## SUPPLIED DATA
Start of Block
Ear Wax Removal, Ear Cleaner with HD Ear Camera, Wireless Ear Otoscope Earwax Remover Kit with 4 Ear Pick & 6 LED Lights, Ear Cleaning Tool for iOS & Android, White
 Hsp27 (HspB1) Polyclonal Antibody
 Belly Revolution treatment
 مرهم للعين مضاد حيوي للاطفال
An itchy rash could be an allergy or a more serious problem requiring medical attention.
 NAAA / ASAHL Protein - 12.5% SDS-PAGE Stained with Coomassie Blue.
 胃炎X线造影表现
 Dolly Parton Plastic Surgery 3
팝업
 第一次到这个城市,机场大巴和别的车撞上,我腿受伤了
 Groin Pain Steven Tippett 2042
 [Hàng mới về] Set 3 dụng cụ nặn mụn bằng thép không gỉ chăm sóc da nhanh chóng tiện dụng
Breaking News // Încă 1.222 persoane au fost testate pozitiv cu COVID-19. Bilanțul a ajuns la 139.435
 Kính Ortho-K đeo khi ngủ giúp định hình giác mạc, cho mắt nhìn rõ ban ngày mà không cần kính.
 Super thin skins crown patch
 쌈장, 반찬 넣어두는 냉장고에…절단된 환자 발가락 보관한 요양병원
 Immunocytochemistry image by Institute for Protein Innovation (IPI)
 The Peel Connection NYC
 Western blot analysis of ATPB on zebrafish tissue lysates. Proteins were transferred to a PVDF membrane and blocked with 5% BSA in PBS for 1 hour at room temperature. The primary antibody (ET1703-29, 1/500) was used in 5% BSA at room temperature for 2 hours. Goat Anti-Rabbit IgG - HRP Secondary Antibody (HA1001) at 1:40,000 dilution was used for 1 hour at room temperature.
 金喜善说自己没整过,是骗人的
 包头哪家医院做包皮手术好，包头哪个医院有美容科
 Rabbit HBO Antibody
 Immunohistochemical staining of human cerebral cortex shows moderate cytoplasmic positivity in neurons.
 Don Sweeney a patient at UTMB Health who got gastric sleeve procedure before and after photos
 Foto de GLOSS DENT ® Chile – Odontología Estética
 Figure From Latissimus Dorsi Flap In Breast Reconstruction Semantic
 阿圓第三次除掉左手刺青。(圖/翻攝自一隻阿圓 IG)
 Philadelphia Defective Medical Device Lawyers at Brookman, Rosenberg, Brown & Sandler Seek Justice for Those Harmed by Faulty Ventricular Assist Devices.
End of Block
## WHAT TO DO
Would you please return every line in the listing where "không" shows up?

## ANSWER BELOW
 [Hàng mới về] Set 3 dụng cụ nặn mụn bằng thép không gỉ chăm sóc da nhanh chóng tiện dụng
 Kính Ortho-K đeo khi ngủ giúp định hình giác mạc, cho mắt nhìn rõ ban ngày mà không cần kính.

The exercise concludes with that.